Would having political slates of Penticton council candidates have made it easier for voters to make decisions at the polls?
One political science teacher and doctoral candidate from University of B.C. Okanagan thinks so, in dissecting last week’s results.
Wolf Depner, who will be teaching Canadian political science at UBCO this coming semester, said reviewing the civic elections shows strong evidence that Penticton voters split their mayoral choices, with only 37 per cent putting Mayor Dan Ashton back in office after a combined 58 per cent voted for challengers Julius Bloomfield and Katie Robinson.
“If you look at the mayor’s race, you had two strong anti-Ashton candidates. They split the vote amongst themselves. If you look at the councillors, that trend was even more apparent: the anti-incumbent vote split itself across the non-incumbent candidates,” he said.
Had there been parties of candidates whose declared platform differentiated themselves from incumbents or their rival challengers, Depner said, “then the anti-incumbent mood would have gone to that party.
“It would have been very clear that that membership to a party would have signalled to the electorate that this person stands for this position and this person stands for this position, then I can make a quick but fairly informed choice about these various candidates.”
Some in the community have expressed dismay that so many sitting councillors were re-elected for another term, given the displeasure voiced in the community over a series of recent decisions.
Depner said it’s not a complete surprise to see so many returning councillors, given the field of 19 candidates posed a duel problem. Not only were voters expected to do an “arduous amount of research” to decide which candidate was worthy of support, but challengers were grappling against the force of name recognition.
“Garry Litke, of course, he is next to Ashton as the longest-serving member of council, and it’s no surprise that he was able to secure the highest absolute number of votes. People know him. Garry Litke represents a certain brand,” he explained.
“The fact that he was able to do as well as he did sort of speaks to the power of incumbency, it speaks to the fact people can play on their name recognition. That’s different for candidates who are making their first or second run for council.”

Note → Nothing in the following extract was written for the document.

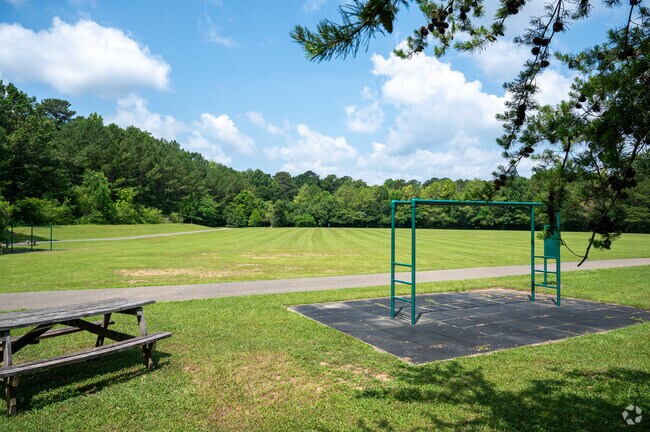 South Shades Crest Elementary has plenty of outdoor green space.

The name-recognition phenomenon, however, played against Coun. Mike Pearce.
“I think it’s fair to say Mike Pearce is a polarizing figure in the community,” Depner said. “Name recognition worked against Mike Pearce; because, as I say, Mike Pearce is a figure who tends to divide voters.”
Heading into the next term, Depner said the returning mayor will have to be mindful of the message voters offered at the polls. He explained that leaders who assume office with only a minority of votes must strike a careful balance, as they can struggle with a sense of “legitimacy” from the electorate.
“Into the next term, you have to make an effort to reach out to the public,” he said, adding that slowing down the process to offer consultation and mind other voices or opinions might be construed as “a little more tentative. But in a way, that’s not a bad thing.
“If you’re charged with making decisions, it is in your interest to consult as widely as possible, to seek as many different opinions.”
The dynamic of the council will also unfold, Depner added, as incumbent councillors must re-establish themselves and incoming councillors establish their role amongst the group.